### HOW TO COMPLETE THIS TASK
Copy out every line of the material below, character for character, apart from the pictures.

---------- DATA ----------

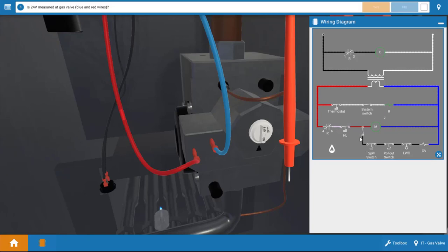The first one being the vent damper end switch, which is a proving switch for the vent damper, a spill switch, rollout switch, and a low water cutoff. So it's possible our gas valve is faulty, but it's also possible that any one of these safety switches is open as well.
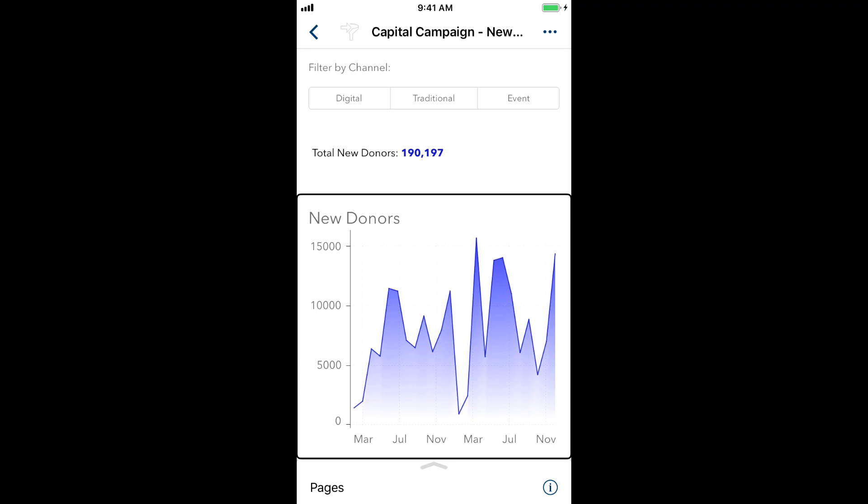This is Jesse Sukhny from the accessibility team at SAS. Today, I'll show you how to use filter controls within a report in SAS Visual Analytics app for iOS.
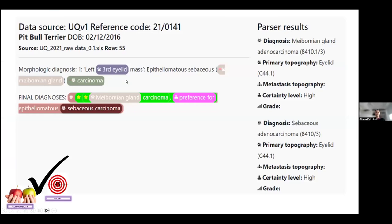Building the dictionary was very important for extracting data from different pathology reports across different data sources and demonstrates how effective the parsing system is. Using color coding, the parsing system captures the data, identifies synonyms, maps them to the preferred term, and codes them according to the veterinary coding system.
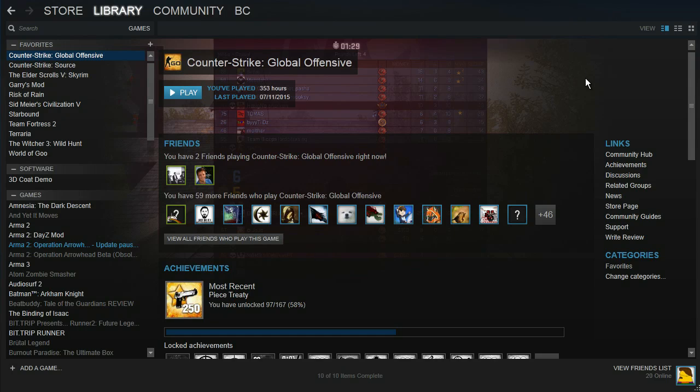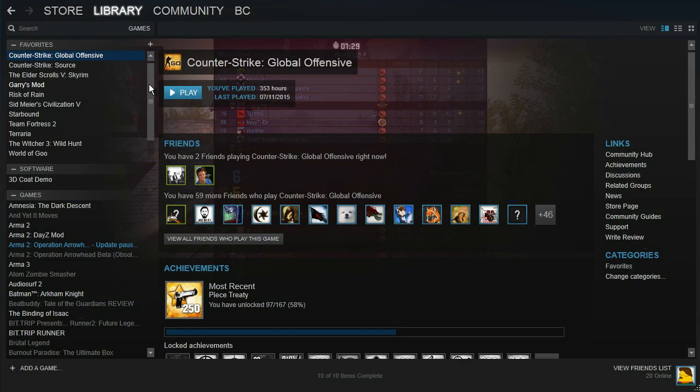How to uninstall Counter-Strike Global Offensive on Steam. This is very simple to do and all you have to do is go to your library and locate where Counter-Strike Global Offensive is.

----------

### RESULT OF THE TASK
The first one being the vent damper end switch, which is a proving switch for the vent damper, a spill switch, rollout switch, and a low water cutoff. So it's possible our gas valve is faulty, but it's also possible that any one of these safety switches is open as well.
This is Jesse Sukhny from the accessibility team at SAS. Today, I'll show you how to use filter controls within a report in SAS Visual Analytics app for iOS.
Building the dictionary was very important for extracting data from different pathology reports across different data sources and demonstrates how effective the parsing system is. Using color coding, the parsing system captures the data, identifies synonyms, maps them to the preferred term, and codes them according to the veterinary coding system.
How to uninstall Counter-Strike Global Offensive on Steam. This is very simple to do and all you have to do is go to your library and locate where Counter-Strike Global Offensive is.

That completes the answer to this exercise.